Âdeti sona eren kadın gusletmedikçe kendisiyle cin­sî münasebette bulunmanın helâl olma­dığı hususunda Şâfiî, Mâlikî ve Hanbelî mezhepleri başta olmak üzere ulemanın büyük çoğunluğu görüş birliğine varmıştır. Yalnız Hanefîler, âdet kanının belirli âdet süresinin sonunda kesilmesi halinde bir namaz vakti geçtikten sonra gusül yapıl­masa da cinsî münasebetin caiz olacağı­nı söylemişlerdir. (Yunus Vehbi Yavuz, “Hayız”, Diyanet İslam Ansiklopedisi, c: 17, s. 53.)
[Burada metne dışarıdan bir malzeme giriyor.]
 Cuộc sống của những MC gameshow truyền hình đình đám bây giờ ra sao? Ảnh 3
Hanefilere göre âdetin azami süresi olan on gün geçince, boy abdesti almadan da cinsel ilişkide bulunmak helal olur. Fakat âdeti bu süreden daha kısa olan bir kadının, âdeti bitip kanının kesilmesiyle hemen cinsel ilişkide bulunması helal olmaz. Böyle bir durumda cinsel ilişkide bulunmanın helal olabilmesi için kadının ya gusletmiş olması veya üzerinden bir namaz vakti geçmiş olması veyahut da bir özründen dolayı teyemmüm edip onunla nafile de olsa bir namaz kılması gerekir. (Mehmet Şener, “Hayız”, İslam’da İnanç İbadet Ve Günlük Yaşayış Ansiklopedisi, İlmî Müşavir Ve Redaktör: İbrahim Kâfi Dönmez, İstanbul, 1997, c: 2, s.  218)
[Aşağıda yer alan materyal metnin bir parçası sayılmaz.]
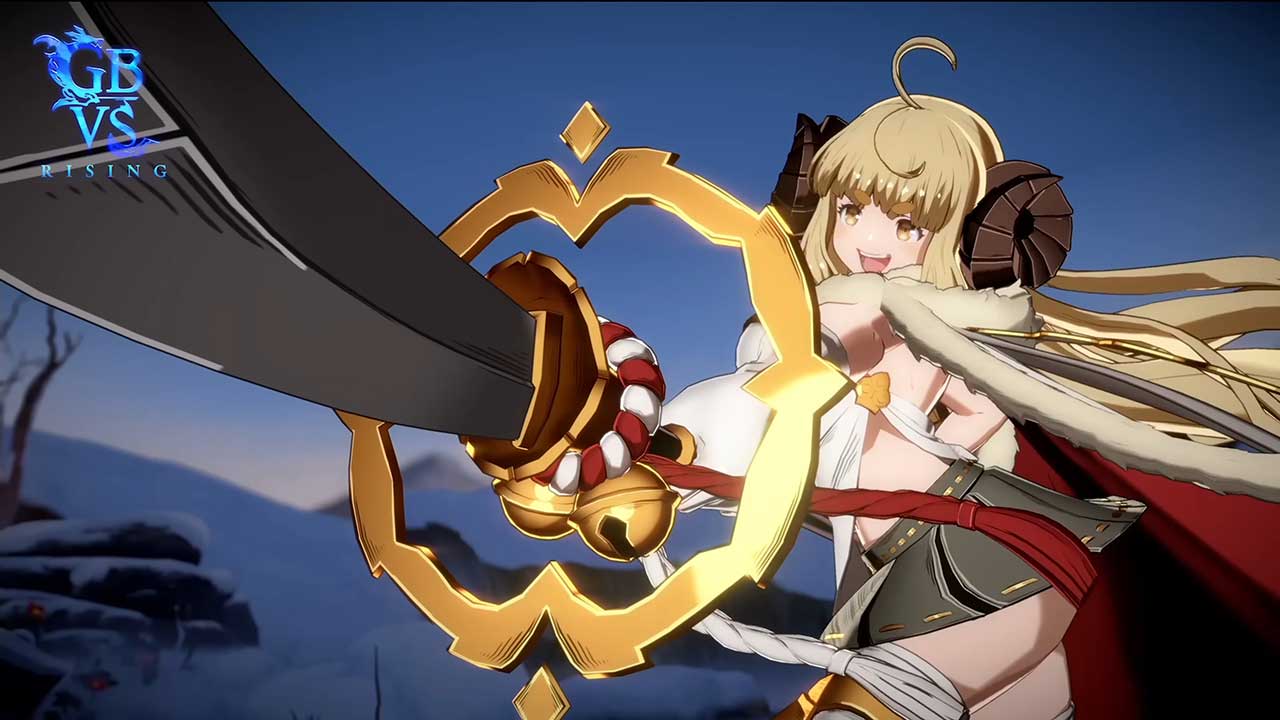 Granblue Fantasy Versus Rising Juga Hadirkan Versi GRATIS 6 519b4f1ebc6c2844f13e02ede1cacb12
Ebû Hanife’nin bu görüşte olmasının delili şudur:

“Allah Teâlâ’nın, “Temizleninceye kadar onlara yaklaşmayın” hitabı, onlara yaklaşmayı yasak­lamış ve bu yasağın, onların âdetten kesilmeleriyle son bulacağını ifade et­miştir. Kadınların âdetten kesilmeleri bu yasağın sona ermesine sebep olunca, âdetleri sona erdiğinde yasağın söz konusu olmaması gerekir.”
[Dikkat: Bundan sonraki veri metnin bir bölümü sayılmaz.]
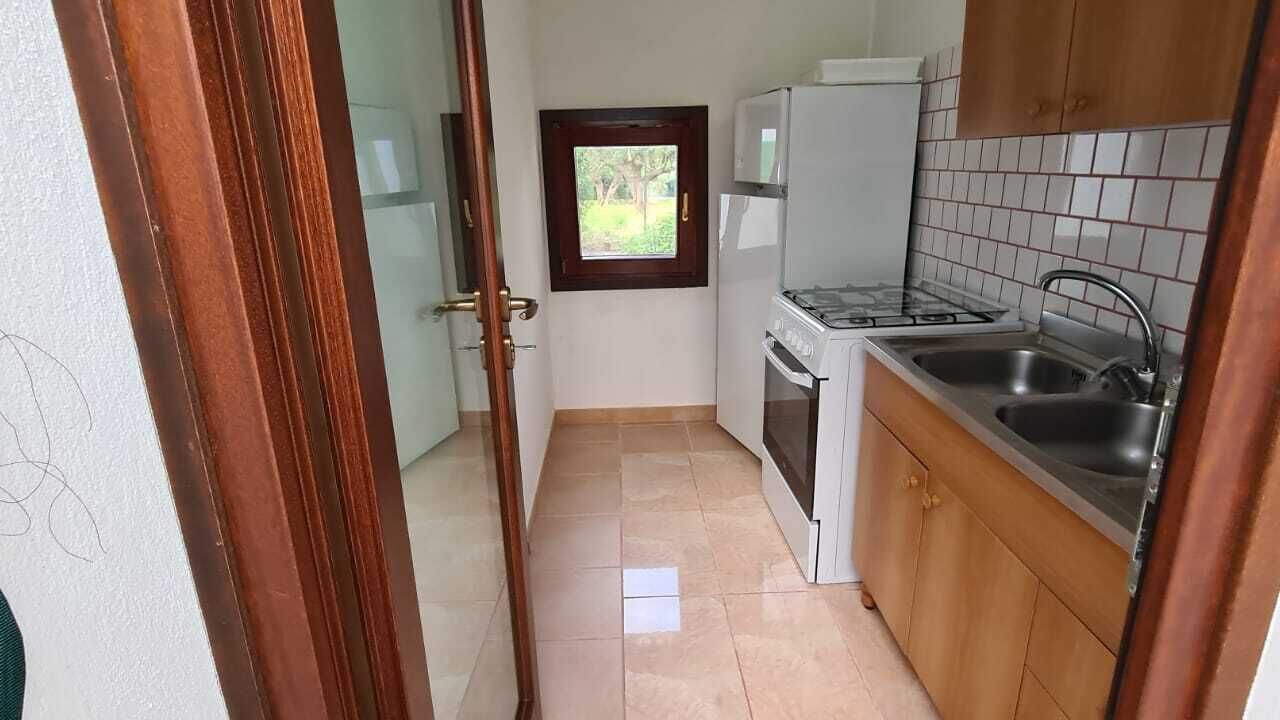 Photo of Kitchen in Tiggiano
Râzî, tefsirinde el-Kâdî’nin (muhtemelen Kadı Abdulcebbâr ?), Ebû Hanife’nin görüşüne şu şekilde cevap verdiğini kaydeder:

“Eğer Cenab-ı Hak ayette sadece, “Temizleninceye kadar” ifadesini söylemiş olsay­dı, sizin söylediğiniz son derece uygun olurdu. Ama Hak Teâlâ bu emrine, “İyice temizlendiklerinde…” kaydını da ilâve edince, bu iki ifadenin hepsi birden bu yasağın sona erme sebebi olmuş olur. Bu, bir kimse “Eve gi­rinceye kadar, falancayla konuşma. Girdikten sonra gönlü hoş olursa onunla konuş” demesi gibidir. O kimsenin konuşabilmesinin, bu iki şartın ikisine bir­den bağlanmış olması gerekir. Bu böyle olunca, âdetten kesildikten sonra onun mutlaka temizlenmesi de gerekir. (Fahreddîn er-Râzî, et-Tefsîru’l-Kebîr, c: 6, s. 419, Bakara sûresi 222. ayetin tefsiri)

Delillere bakıldığında çoğunluğun görüşünün isabetli olduğu, yani âdeti biten kadının gusül abdesti almadan eşi ile ilişkiye giremeyeceği anlaşılmaktadır.